Sunday, June 11, 2017

STRS...this guy has got your number!

New U.S. Census data show Ohio's pension woes
 
John Damschroder, June 6, 2017
In Ohio, 458,372 people receive their income and health insurance from a state pension system suffering from the twin calamities of too little compounding and candor.
Regular readers of this column know that the top executive of three of Ohio’s pension system’s wrote to this newspaper insisting that there is no problem, although no one was so bold as to match Gov. John Kasich’s absurd claim, made on national TV no less, that Ohio pensions, unlike most in the United States, are “rock solid.”
The newly released U.S. Census Bureau data on public pension plans reveal what an outlier Ohio would be if the claims of financial strength made by the governor and pension leaders were actually true. Sadly, Ohio is not outperforming the nation, it is simply making performance claims that are contradicted for the second consecutive year by the facts reported to the federal government.
The Ohio pension data reveal that payments to the retirees in the system total nearly $7.5 billion more than the payroll extractions from public employees and state and local government, plus the earnings on more than $178 billion in assets.

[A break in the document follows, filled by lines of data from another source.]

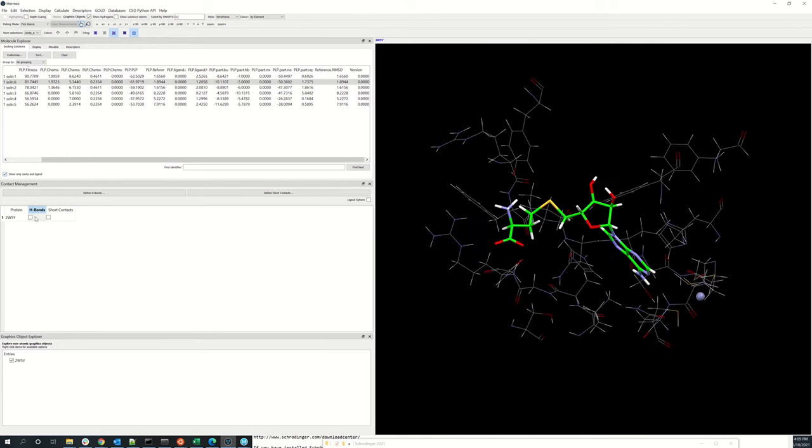You can use the contact management window to display also the hydrogen bonds and the short contacts.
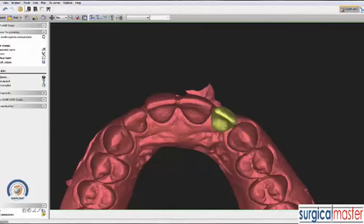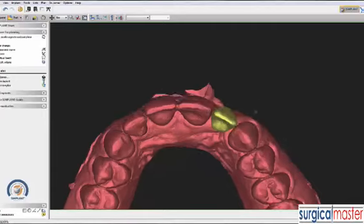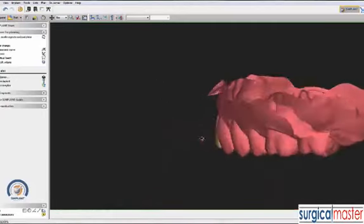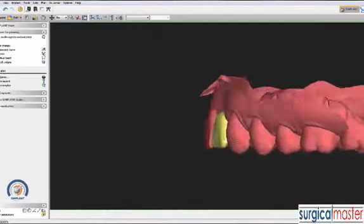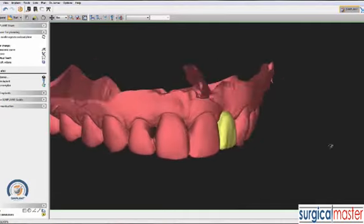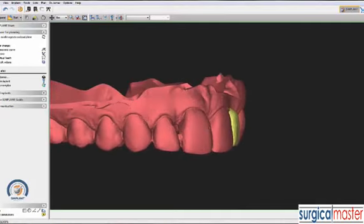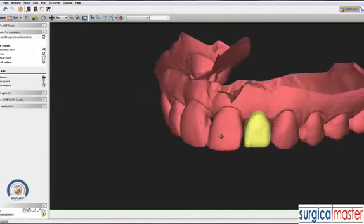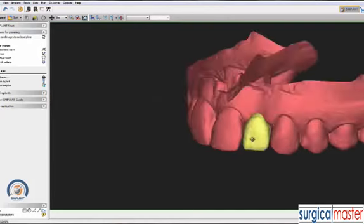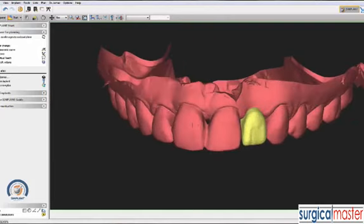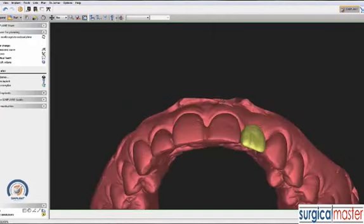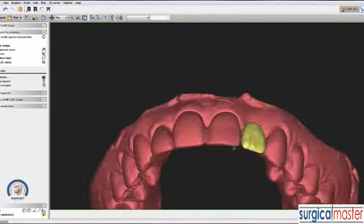I'm looking at the incisal edge to make sure it's continuous. I can also look from the buccal aspect to make sure the contour of the tooth is proper, except for the emergence profile which is currently deficient. I think this tooth is going to end up being a little bit longer than number 7, but that's quite good.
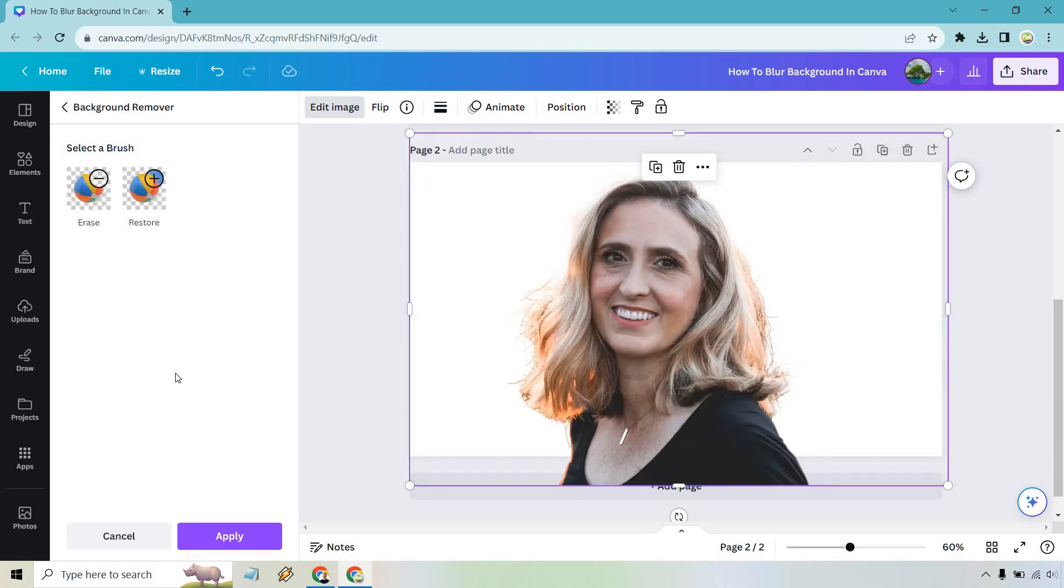And just like that, our background has been removed. Don't worry that it's a little under there. That's going to be completely fine. Let's click on apply.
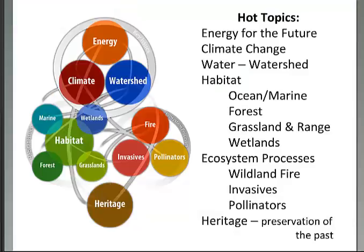This is Hands on the Land's revised Hot Topics listing, meant to provide current and accurate information supporting agency resource management objectives. The list includes energy for the future, climate change, water, watershed, and habitat — with habitat areas organized to include ocean and marine, forest, grassland and range, and wetlands — as well as ecosystem processes. It is not an all-inclusive list.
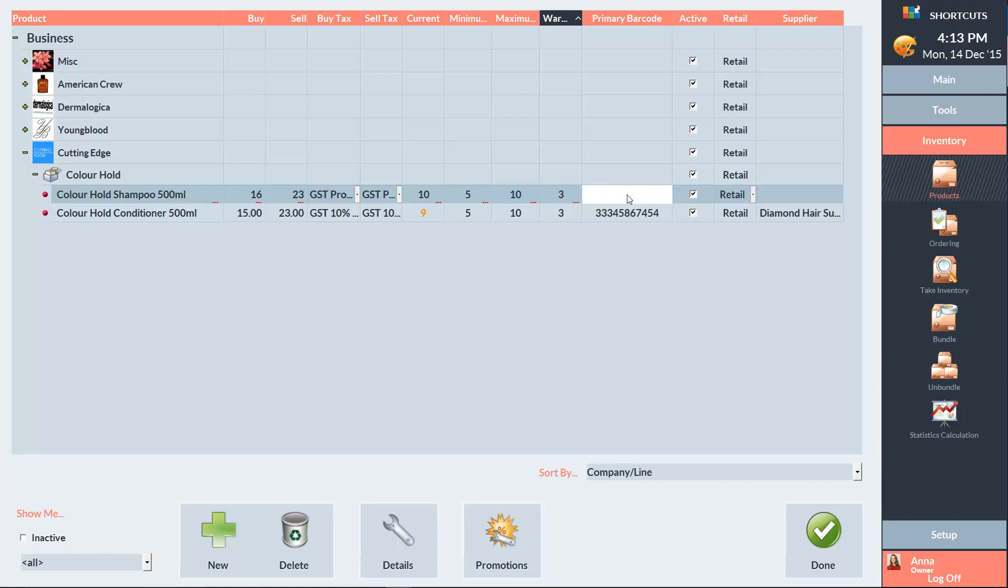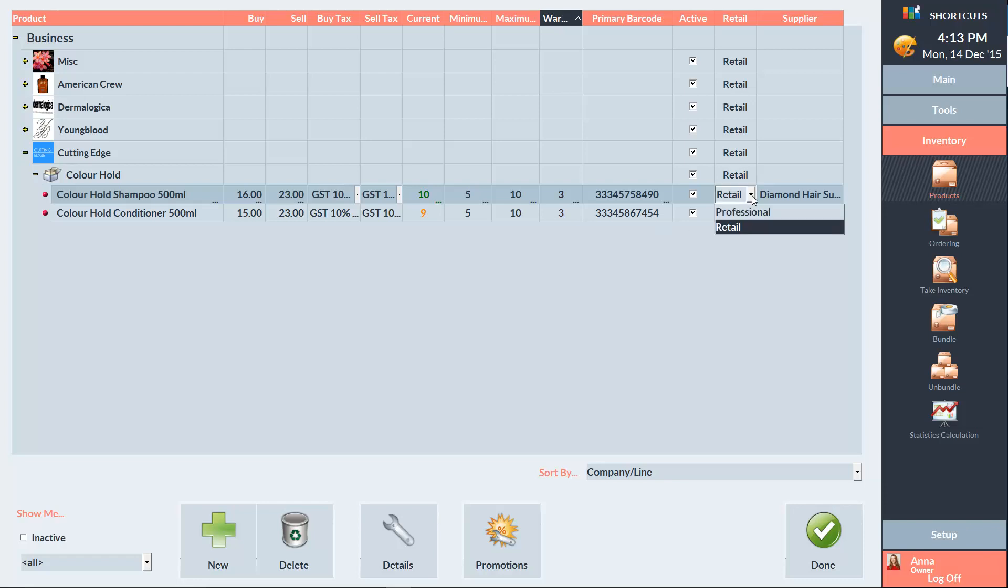And we can enter the product barcode here. And then select whether it's a retail or professional product. Retail products are sold to your clients, however they can also be used professionally, whereas professional products are for professional use only.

At the same time, the future pension obligation for Ohio grew by nearly $7 billion, putting Ohio more than $14 billion in the red last year, while proclaiming either unique strength or no problems.
In truth, Ohio has a very big problem, compounded by the political determination not to recognize that fact, lest the implications of the issue cause the 1,311,351 citizens with a claim on the assets to awaken with fear and anger over a brewing crisis.
Between 2014 and 2016 Ohio’s pension obligations grew by $17 billion while the state's pension assets fell by more than $6 billion. In three years the state pensions have added $23 billion to a liability that currently stands at just under 10 percent of the state’s gross domestic product and assumes future investment earnings that the retirement systems have not been able to achieve.
Moreover, these performance failures have occurred during strong markets.  The pension leaders tell us the $734 million they paid in outside management fees for 2015 provide protection in a down market. I fear that hypothesis will be tested soon with results that make our current situation seem like the good old days.
Ohio has altered the payout formulas and increased the pay-in rates to keep the liability from growing. But charging workers and their employers more for less doesn’t solve the problem when investment earnings lag the market as has been the case for Ohio.
The state pensions are the functional equivalent of a company with $15.7 billion payroll that is deeply cash-flow negative. In the campaigns for state office that are currently taking shape, this issue needs to be forced into the debate. More than 1.3 million Ohioans are directly affected, and the income they keep or lose is a huge factor in the state's economic ecosystem just as it would be if a huge employer suddenly cut its payroll.
John Damschroder, a Fremont resident who worked in Gov. George Voinovich’s administration, writes about business and economic development in Sandusky County.